The Jewish Week’s annual 36 Under 36 honors young leaders, entrepreneurs and change-makers who are making a difference in the life of Jewish New York. For the full list of this year’s “36ers,” click here.
What do you do?
I am a third year rabbinical student at Hebrew Union College and the director of youth Engagement at Temple Sinai in Summit, New Jersey. After being selected for the Reform movement’s Jew v’Nation Jew of Color Fellowship, I co-created and co-lead an anti-racial bias training for Jewish youth professionals. I consult and give trainings for Jewish organizations looking to become more inclusive. As a diversity, equity, and inclusion (DEI) facilitator, I have worked with dozens of organizations across the United States and in Israel, helping them unlearn their biases and understand the diversity of the Jewish world. After ordination, I hope to continue working on racial justice within the Jewish community, specifically with youth.

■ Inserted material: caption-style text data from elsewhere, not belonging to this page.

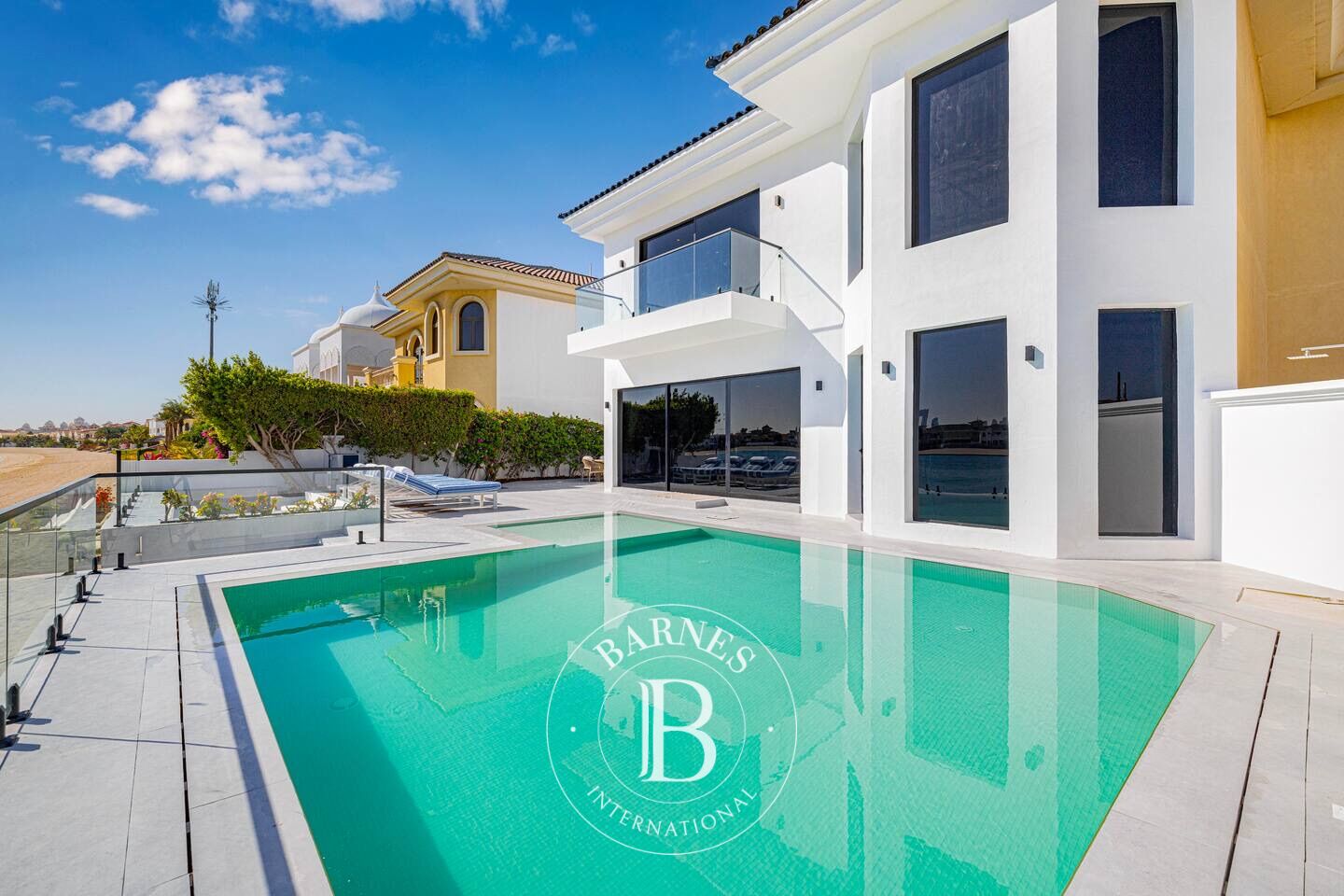 4 Bedroom Villa to rent in Palm Jumeirah - picture 1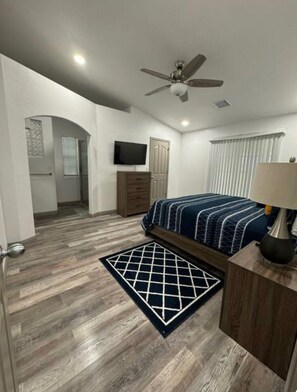 3 chambres, fer et planche Ă repasser, Wi-Fi, draps fournis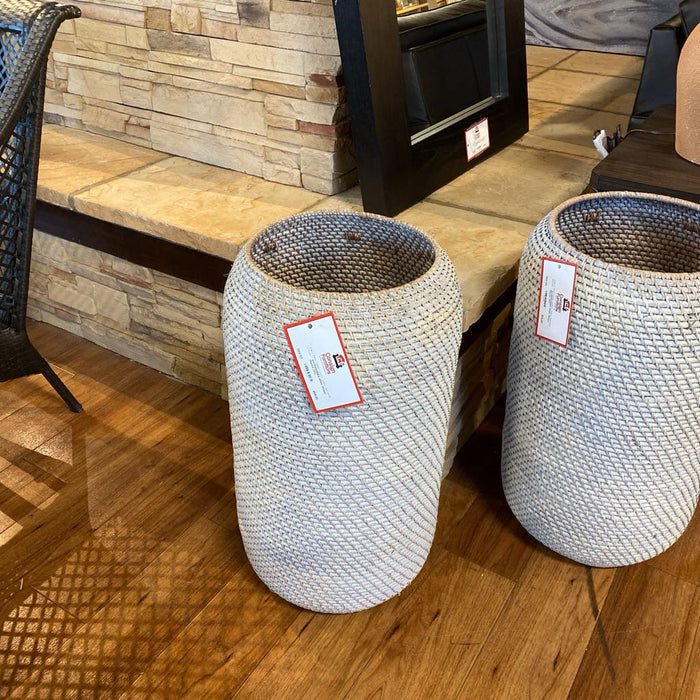 White Wicker Planter (AT)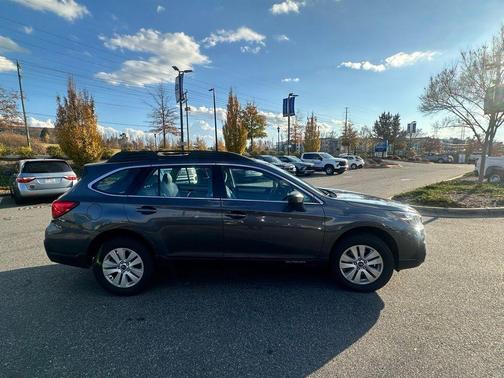 2019 Subaru Outback 2.5i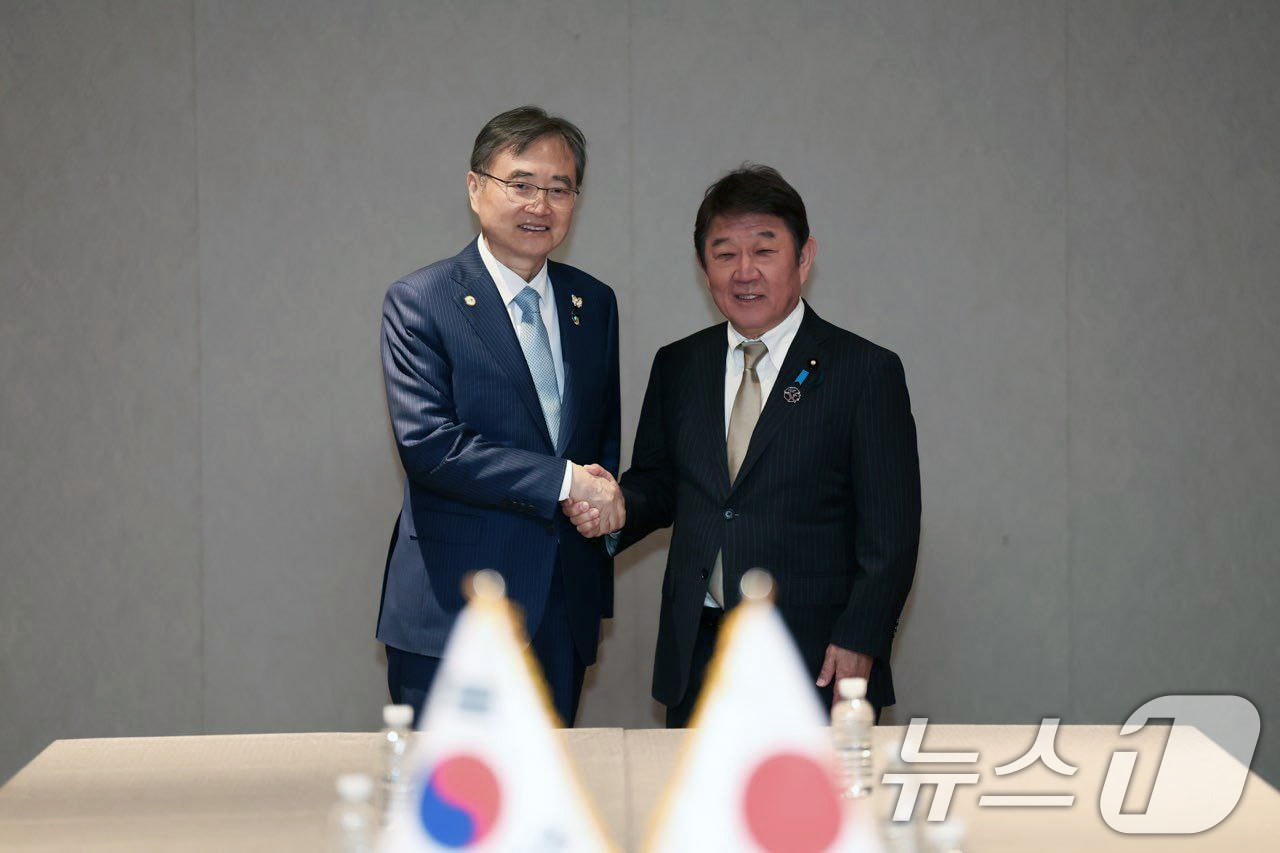 지난해 10월 29일 조현 외교부 장관이 경북 경주에서 APEC 외교통상합동각료회의 계기 모테기 도시미쓰 일본 외무상과의 회담에서 악수를 나누고 있다. (외교부 제공. 재판매 및 DB 금지) ⓒ 뉴스1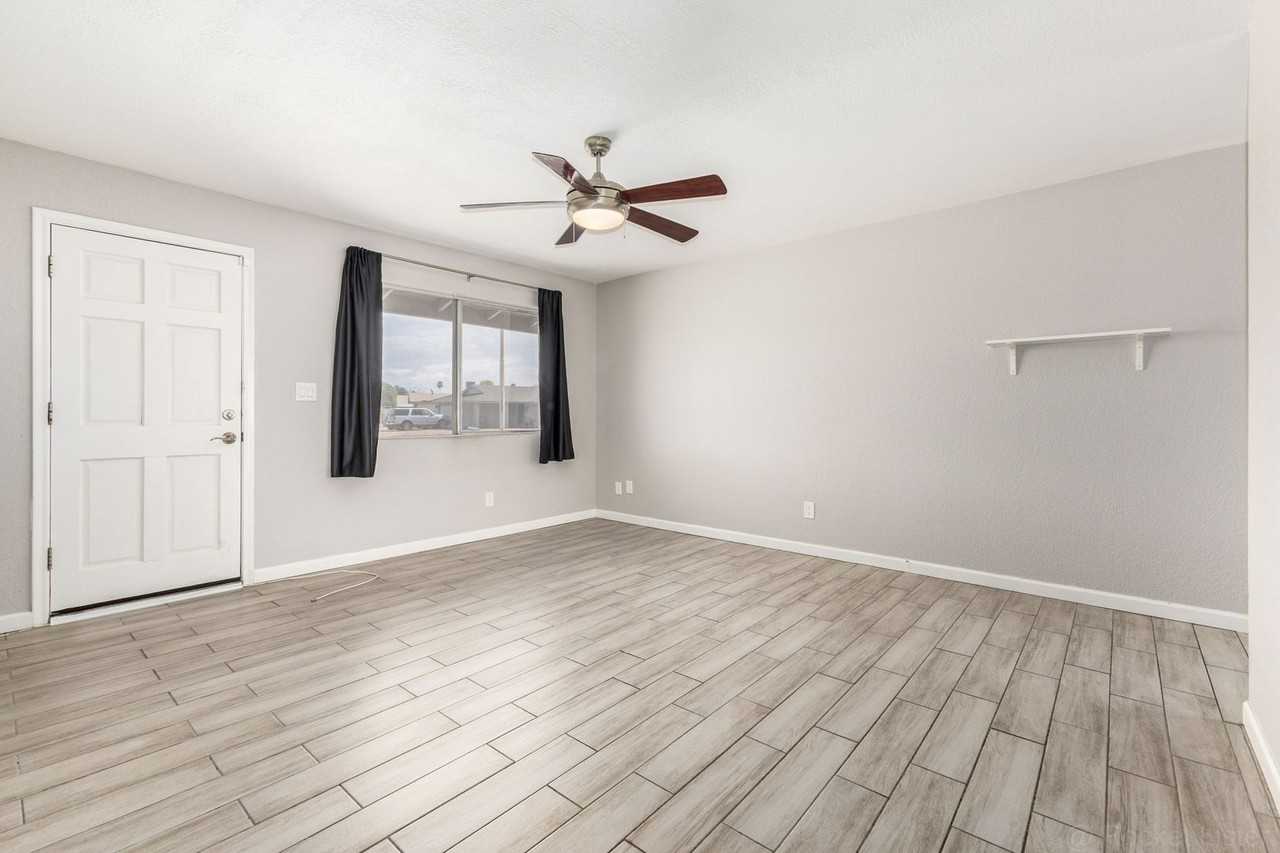 2396 N Central Dr - Photo 2 of 27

How does your Jewish identity influence your work?
All of my identities (Jewish, black, queer) affect my work because I cannot show up anywhere without bringing all versions of my self. My DEI work is heavily influenced by the Jewish idea of tikkun middot, or bettering oneself. By centering justice, I help Jews become the best versions of themselves so they can better show up to those around them.
Was there a formative Jewish experience that influenced your life path?
I attended a large conference of Jews and I constantly received microaggressions: people thinking I was custodial staff, people mistaking for another Jew of color. In that moment, I realized that despite being proud of all the progressive accomplishments of my movement, the Jewish people had a lot of learning to do on their biases and internalized racism. From there, I joined a fellowship of Jews of color and learned to unlearn my own biases and help white Jews do the same, all through a Jewish lens.
In one sentence, what was your best experience as a Jewish New Yorker?
I ran into Chuck Schumer at a museum and at first I just thought he was someone from shul.